Now, we could just incrementally increase i until A’ = A, but that would be highly inefficient. The government documentation even goes so far as to tell us how to properly make a second guess, and then how to interpolate our results to efficiently narrow down our subsequent guesses.

STEP 2: Let I(2) = I(1) + .1

As you may recall, I(1) was 1%. I(2) will be 1.1%. That is Big I, not to be confused with little i. Little i(2) will be I(2)/1200, which in this case is 1.1%/1200 = 0.000916667

I’m NOT going to show the table with 24 lines of data again. The process is precisely the same. The cumulative result is 23.74892 and when multiplied by the payment and divided by 1+i we get 5457.249393, which we will call A”.

STEP 3: Now we interpolate using the following equation:

I = I(1) + .1 x [(A – A’)/(A” – A’)]

The numbers to plug in here are:

I(1) = 1%

A = 5000

A’ = 5462.912953

A” = 5457.249393

The result of the equation is I = 9.173533372

STEP 4: Repeat steps 1, 2, and 3, beginning with I(1) set to the result just calculated for I. This is the wash, rinse, repeat part.

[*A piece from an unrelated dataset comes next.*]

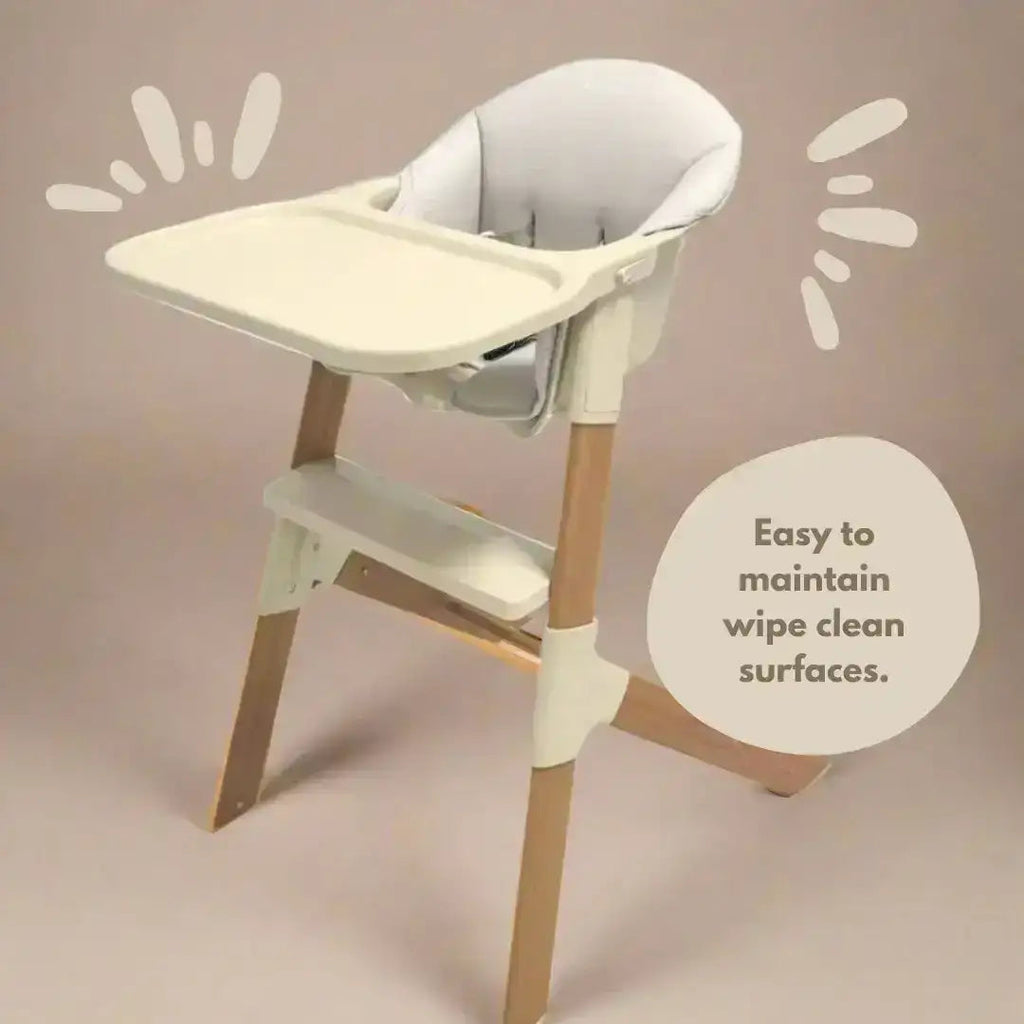 MICO Baby & Toddler Highchair - Beige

Without going into the nauseating details (too late, but that was kind of the point, wasn’t it), at the end of the second iteration, we have I = 9.684221322

Now that is a difference of a half percent. Clearly we need another iteration, and at the end of the third iteration, we get I = 9.685709095

We are almost at a point where the calculation is good enough for the government requirements (2 decimal places). We would need one more iteration to absolutely know if we were going to round up to 9.69% or down to 9.68% because we can see that our last two iterations have us going either way. At the end of the fourth iteration, the value for I is 9.685708062.

Amazingly, this satisfies the government requirement for two decimal places but also satisfies the Nortridge Loan System’s requirement for four decimal places. We can see that both of the last two iterations’ results, when rounded to four decimal places are 9.6857%. If we round there, no further iterations will change that. We have our answer.

But what if there is an irregular first period on the loan? Well there are a lot of what ifs. This example was a pretty straight forward one. In fact, there are a lot of variables in the program code for calculating the APR that effectively drop out and are canceled in this special case where we have an even period, monthly loan. The answers to what to do if the loan is a bit more messy will come in another blog.